··· DATA LISTING ···

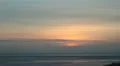 Sunrise over sea (without sun) HD Footage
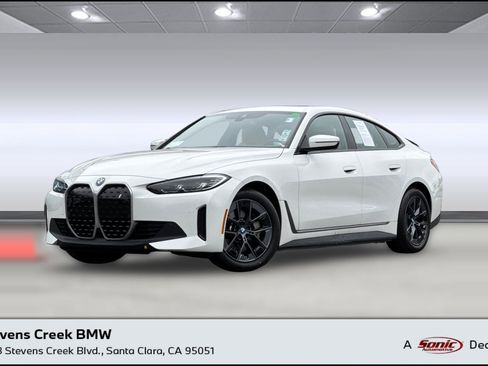 Certified 2023 BMW i4 eDrive35 w/ Premium Package RWD image 1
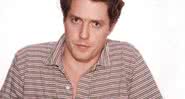 Fotografia de Hugh Grant quando foi preso por ser flagrado comprando serviços sexuais - Divulgação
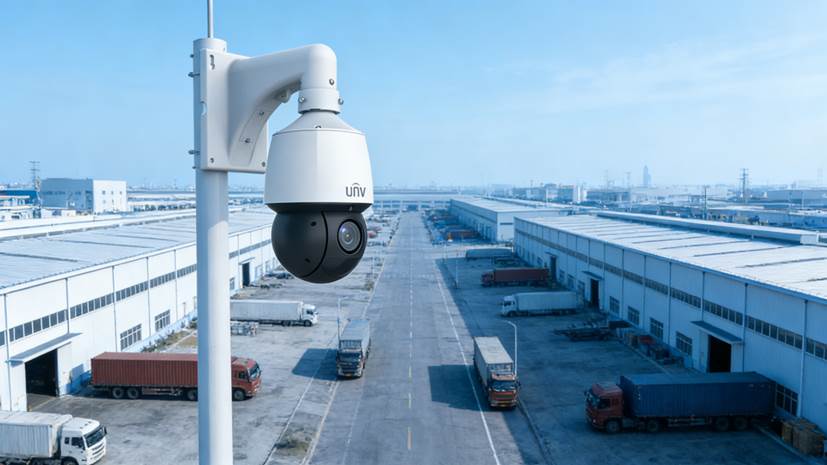 PTZ 攝像頭在大面積安全防護(hù)中的應(yīng)用
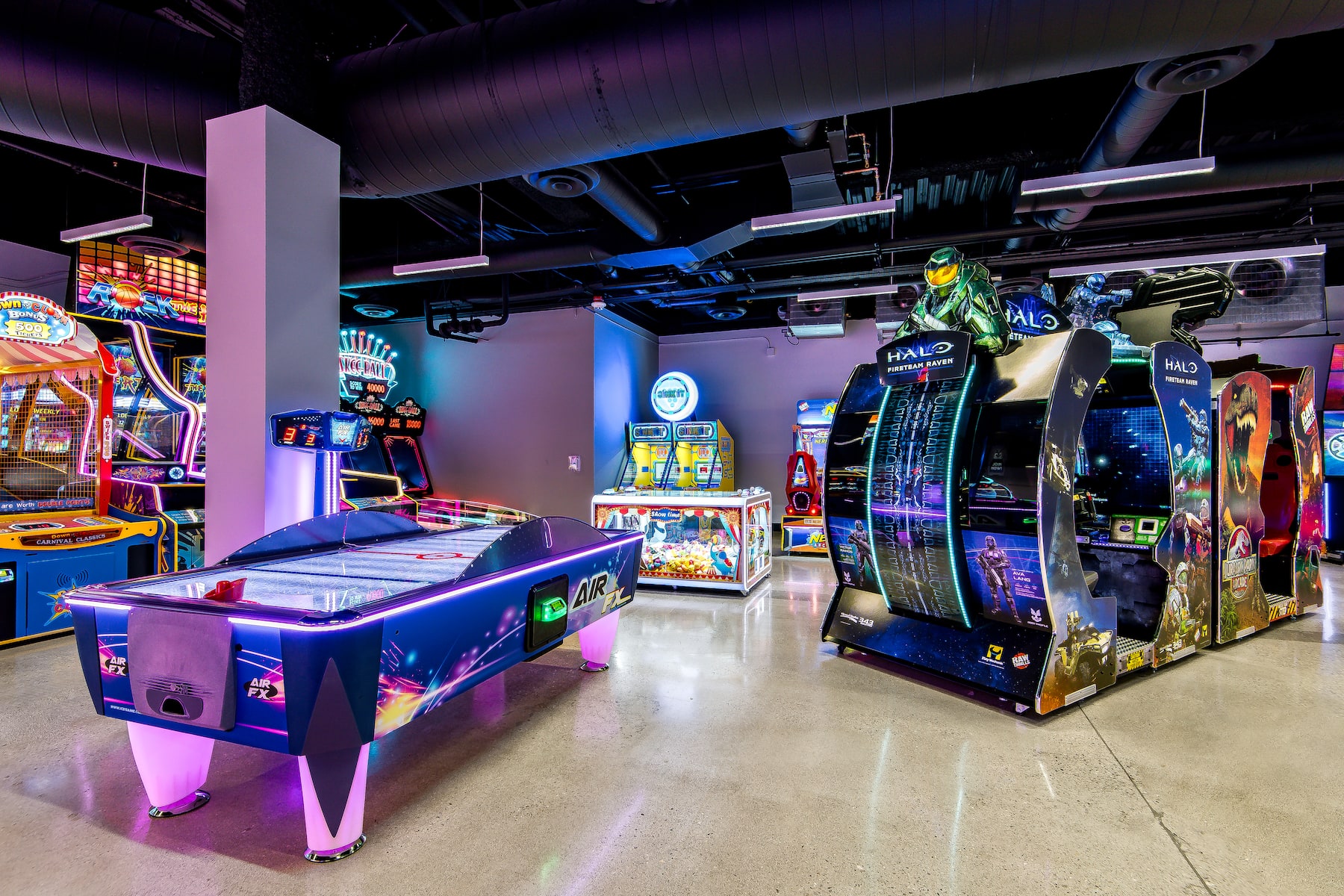 Game room at Tropicana Laughlin, Trademark Collection by Wyndham in Laughlin, Nevada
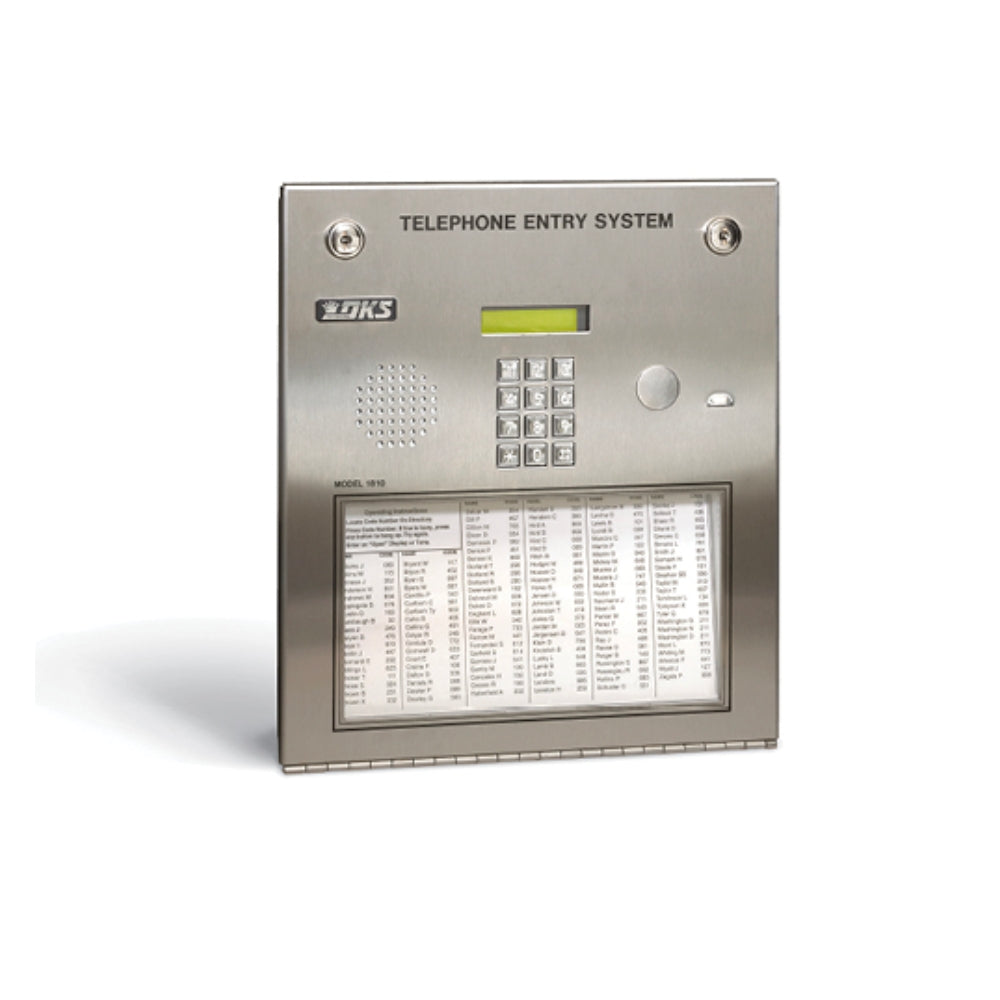 Doorking Telephone Entry System Flush Mount Hands-Free | DKS-1810-084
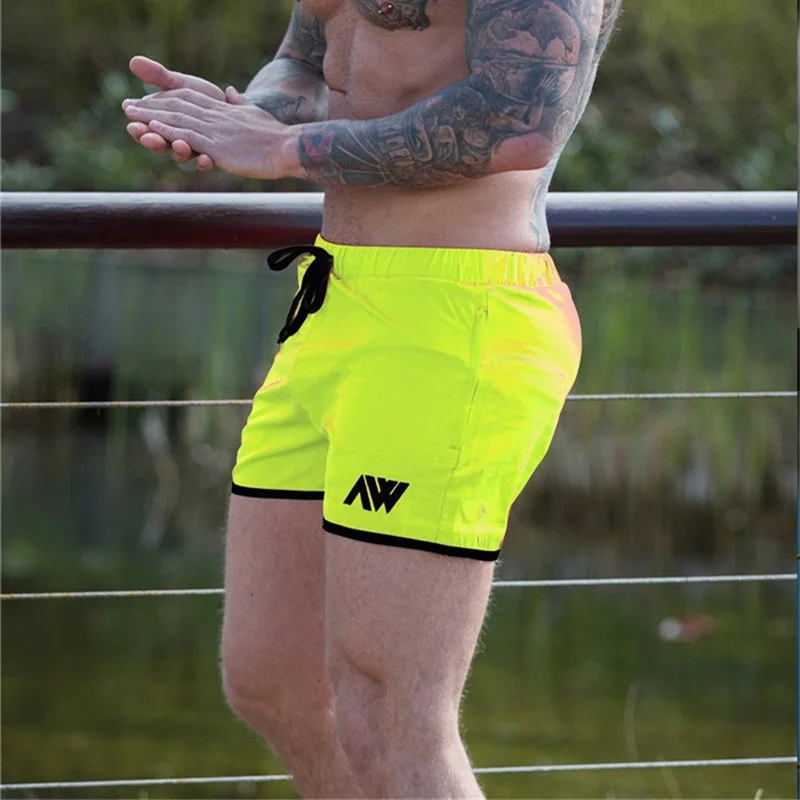 Men's Fitness Quick-drying Exercise Sweatpants Fashion Brand Men's Sportswear Comfortable Casual Men's Brand Shorts Men's Fitness Quick-drying Exercise Sweatpants Fashion Brand Men's Sportswear Comfortable Casual Men's Brand Shorts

···

EXERCISE REQUIREMENTS: Give the complete material again, exactly as written. Do not include the pictures.

SOLUTION TO THIS TASK:
 Sunrise over sea (without sun) HD Footage
 Certified 2023 BMW i4 eDrive35 w/ Premium Package RWD image 1
 Fotografia de Hugh Grant quando foi preso por ser flagrado comprando serviços sexuais - Divulgação
 PTZ 攝像頭在大面積安全防護(hù)中的應(yīng)用
 Game room at Tropicana Laughlin, Trademark Collection by Wyndham in Laughlin, Nevada
 Doorking Telephone Entry System Flush Mount Hands-Free | DKS-1810-084
 Men's Fitness Quick-drying Exercise Sweatpants Fashion Brand Men's Sportswear Comfortable Casual Men's Brand Shorts Men's Fitness Quick-drying Exercise Sweatpants Fashion Brand Men's Sportswear Comfortable Casual Men's Brand Shorts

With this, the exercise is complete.